From the records below, set down exactly the lines starting with the line that contains "istock Beauty teacher" and going on through the line that contains "Пальто Maryley с". Nothing else is wanted.
───── MATERIAL FOR THIS TASK ─────
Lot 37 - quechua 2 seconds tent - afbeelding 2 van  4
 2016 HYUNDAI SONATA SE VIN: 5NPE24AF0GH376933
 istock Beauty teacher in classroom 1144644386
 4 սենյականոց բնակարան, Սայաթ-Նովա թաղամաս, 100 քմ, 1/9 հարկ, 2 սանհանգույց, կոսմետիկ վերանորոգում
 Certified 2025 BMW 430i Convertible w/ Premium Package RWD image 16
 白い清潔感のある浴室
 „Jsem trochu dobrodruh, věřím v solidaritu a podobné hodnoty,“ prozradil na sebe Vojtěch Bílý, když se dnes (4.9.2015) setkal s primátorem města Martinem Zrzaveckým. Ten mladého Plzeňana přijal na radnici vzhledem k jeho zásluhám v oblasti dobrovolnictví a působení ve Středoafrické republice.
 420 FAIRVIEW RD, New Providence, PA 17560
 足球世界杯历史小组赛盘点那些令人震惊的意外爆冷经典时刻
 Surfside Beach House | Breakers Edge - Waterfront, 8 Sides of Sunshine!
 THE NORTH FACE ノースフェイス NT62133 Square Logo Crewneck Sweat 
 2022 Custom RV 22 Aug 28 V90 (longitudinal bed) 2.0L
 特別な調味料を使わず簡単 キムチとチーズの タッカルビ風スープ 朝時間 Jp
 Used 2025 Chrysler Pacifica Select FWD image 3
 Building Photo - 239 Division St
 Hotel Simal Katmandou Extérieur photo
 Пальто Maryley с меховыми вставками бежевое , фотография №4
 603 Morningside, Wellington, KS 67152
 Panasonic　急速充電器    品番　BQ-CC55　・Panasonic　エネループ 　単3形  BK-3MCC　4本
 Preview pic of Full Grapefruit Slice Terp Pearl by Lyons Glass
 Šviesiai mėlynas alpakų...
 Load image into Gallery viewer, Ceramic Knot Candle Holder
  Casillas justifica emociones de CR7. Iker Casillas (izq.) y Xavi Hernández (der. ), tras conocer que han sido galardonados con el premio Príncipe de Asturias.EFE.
─────
**RESULT OF THE TASK**.
 istock Beauty teacher in classroom 1144644386
 4 սենյականոց բնակարան, Սայաթ-Նովա թաղամաս, 100 քմ, 1/9 հարկ, 2 սանհանգույց, կոսմետիկ վերանորոգում
 Certified 2025 BMW 430i Convertible w/ Premium Package RWD image 16
 白い清潔感のある浴室
 „Jsem trochu dobrodruh, věřím v solidaritu a podobné hodnoty,“ prozradil na sebe Vojtěch Bílý, když se dnes (4.9.2015) setkal s primátorem města Martinem Zrzaveckým. Ten mladého Plzeňana přijal na radnici vzhledem k jeho zásluhám v oblasti dobrovolnictví a působení ve Středoafrické republice.
 420 FAIRVIEW RD, New Providence, PA 17560
 足球世界杯历史小组赛盘点那些令人震惊的意外爆冷经典时刻
 Surfside Beach House | Breakers Edge - Waterfront, 8 Sides of Sunshine!
 THE NORTH FACE ノースフェイス NT62133 Square Logo Crewneck Sweat 
 2022 Custom RV 22 Aug 28 V90 (longitudinal bed) 2.0L
 特別な調味料を使わず簡単 キムチとチーズの タッカルビ風スープ 朝時間 Jp
 Used 2025 Chrysler Pacifica Select FWD image 3
 Building Photo - 239 Division St
 Hotel Simal Katmandou Extérieur photo
 Пальто Maryley с меховыми вставками бежевое , фотография №4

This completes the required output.